My experience of making washi paper during the workshop at Ozu Washi

In this article, I will tell you about Ozu Washi, a washi paper shop with a history spanning over 360 years.

I participated in the washi making workshop which took place on the first floor of the shop. Here you can experience making traditional Japanese paper washi on your own. You can choose your course out of two options at the time of booking.

Standard course:
You can choose from one of the following options: washi paper, rakusui-shi (watermarked paper) or design washi. It takes about one hour to make one paper sheet.

Private course:
Maximum 5 people per hour. You can use the tools (from business card size to A3 size) and materials available in the workshop to get your creative juices flowing.

I participated in the private course and had the opportunity to experience making three different types of washi. You don’t need to bring anything since they will give you a waterproof apron.

How to make washi paper?

Before the experience, you watch a video of how to make washi paper.

After checking a branch of a mulberry tree called kouzo, a material for washi, you are explained the process of making washi and given materials in English that describe a sequence of steps to be done.

The next step is learning the difference between washi paper and western paper. When you tear western paper to pieces by hand, its surface and the cut remain almost smooth, whereas the rough surface of washi paper develops fluffy fibers at the cut place. The reason is linked to the differences in the fibers, and intertwined fibers make washi paper sturdy.

Hand-made washi making

For design washi, at first, you need to choose a picture and decoration to put on it. Once the decision is done, it’s time to get messy!

This large container has tree bark, water and neri, hereafter referred asrawmaterials to make washi. Neri is a sticky and heat-sensitive liquid that helps the fibers to distribute evenly in the water.

First, scoop the slurry with suketa
Suketa is a tool which is usually made of bamboo splints.

Then, shake suketa back and forth to coalesce the fibers.

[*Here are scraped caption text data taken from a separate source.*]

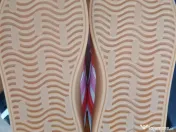 Adidas copii VL COURT 3.0 marimea 25.5 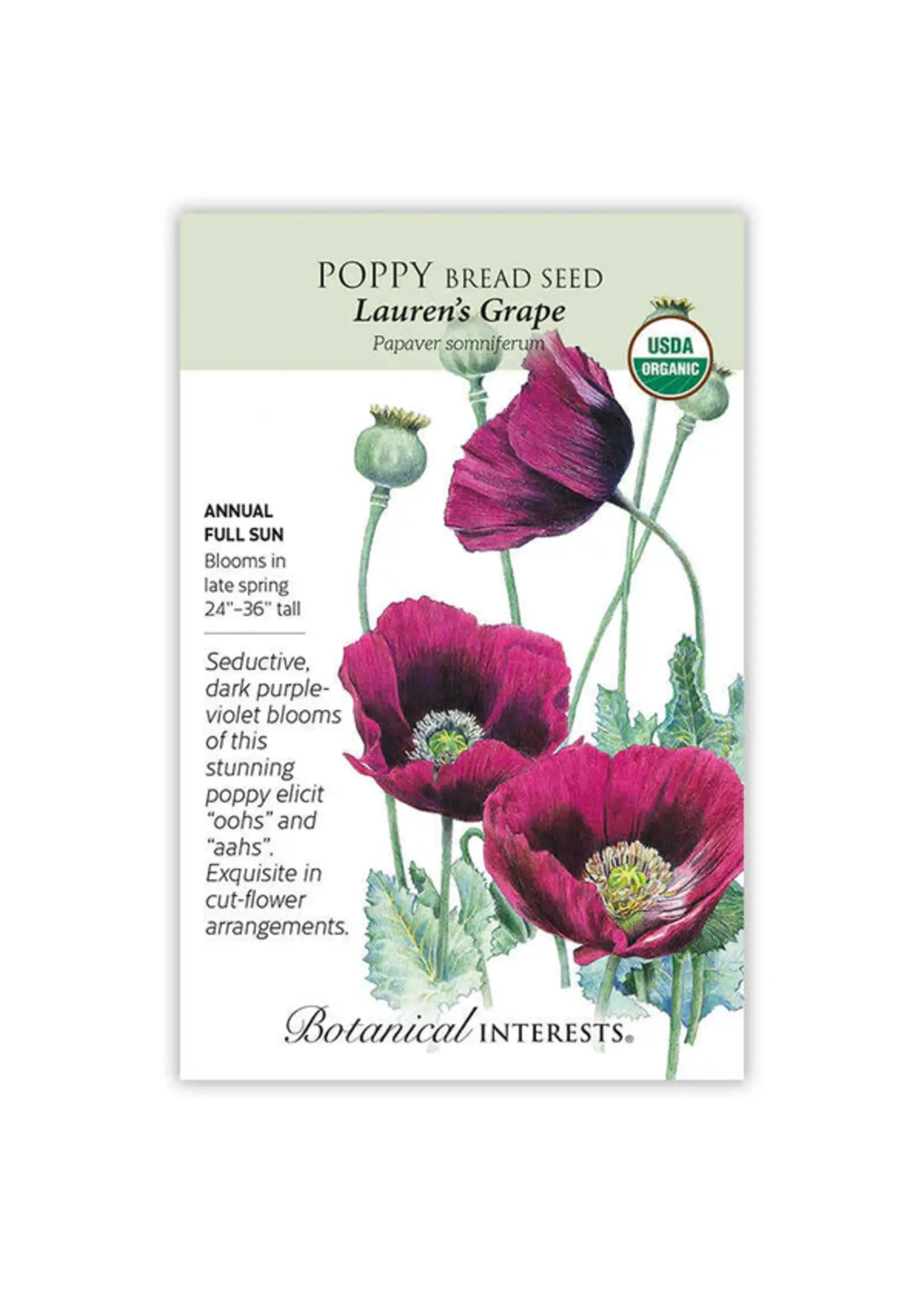 Botanical Interests Poppy Bread Lauren's Grape Organic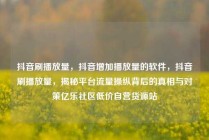 抖音刷播放量，抖音增加播放量的软件，抖音刷播放量，揭秘平台流量操纵背后的真相与对策亿乐社区低价自营货源站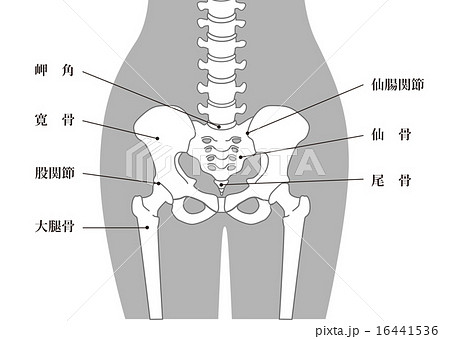 人体骨格 腰部 グレー 説明ありのイラスト素材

Looks easy at first glance, but actually difficult!

Step 1: Tilt suketa forwards to fill it with raw material and swing it back to distribute the fibers evenly on the screen, in a thin layer. 

Step 2: Shake it back and forth to coalesce the fibers into a sheet. Depending on how many times you fill up and then swing the tray, the paper gradually develops your preferred thickness.

Step 3: Same as the first step, quickly tilt suketa forwards to fill it with raw material and swing it back.

2.Designing the sheets
Decorate your paper sheet by placing paper strips, pressed flowers and leaves on it. Remove the freshly entwined fibers from the suketa and touch it – feels very soft and wobbly!

You can draw your pattern by hand, sprinkle it with dried kouzo or pulp, gold or silver foil to create your favorite design.

Once you are done with decoration, sprinkle drops onto the surface of the sheet and give it a final fix to seal your work.

I also experienced making rakusui-shi paper. By sprinkling drops from above in this way, you add a rakusui pattern to washi. Changing the size of the water droplets out of the shower allows you to adjust the size of the rakusui pattern to your liking.

3. Drying (removing water from the sheets)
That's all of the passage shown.